During the mid-1990s, Newbridge and Mr. Rodgers did a creditable
job keeping up with the enormous demands of a rapidly expanding firm.
But too often, the system demanded frenetic, round-the-clock
production at quarter's end to meet the numbers.

It's a phenomenon Mr. Lutz calls "the diving catch" quarter.

However, the routine caught up with Mr. Rodgers only recently, when
sales of ATM networks suddenly started going through the roof.

After more than a dozen quarters of averaging 10- to 12-per-cent
sequential growth, Newbridge's ATM revenues soared 35 per cent in
the third quarter ended Jan. 31 from the previous quarter, and orders
jumped 45 per cent. In the fourth, they were up an even more
astonishing 50 per cent.

At this pace, Newbridge's home-grown manufacturing systems

couldn't cope.

This evening, Mr. Lutz is expected to unveil plans to correct this. On one
front, he'll outline incentives to encourage sales people to finalize orders
well before the end of the quarter, in theory taking pressure off the
end-of-quarter rush.

Newbridge's designers have already begun designing new products that
will take into account manufacturing constraints. One example: there will
be fewer devices that require testing on the assembly lines themselves.
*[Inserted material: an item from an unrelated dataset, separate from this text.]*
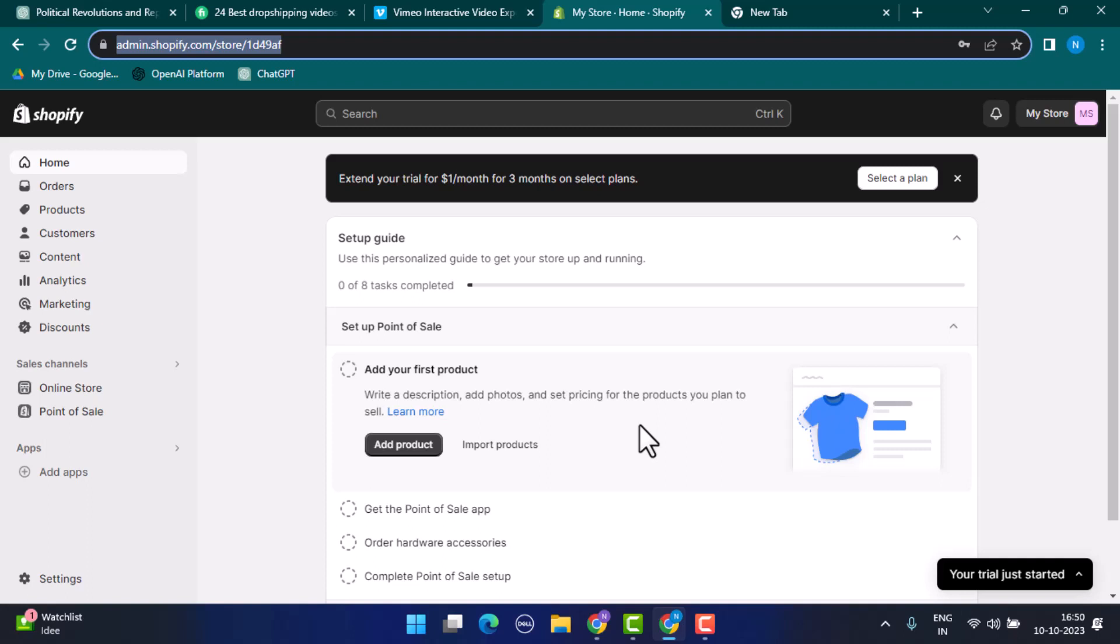If the store uses Oberlo for dropshipping, you can see product ranking and sales data for Oberlo-connected products. Oberlo provides this information on Shopify product pages. Some stores use the Sale Pops app to display recent sale notifications. While this won't give you a complete list, it can reveal popular products.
Mr. Lutz is also keen to reduce the number of options available on each
of his firm's major products, something that would simplify the job of
ordering parts and planning production.

As well, Newbridge is likely to outsource more of its production to such
niche players as Montreal-based Primetech Electronics Inc., which
already builds many of its simpler devices.

Not least, Mr. Lutz wants to be sure that every one of his firm's
databases feed properly into the new SAP system, giving him instant
access to Newbridge's latest internal projections.

If he then opts to share these with a public audience, that will at least
substantially reduce the odds he'll have to eat crow again.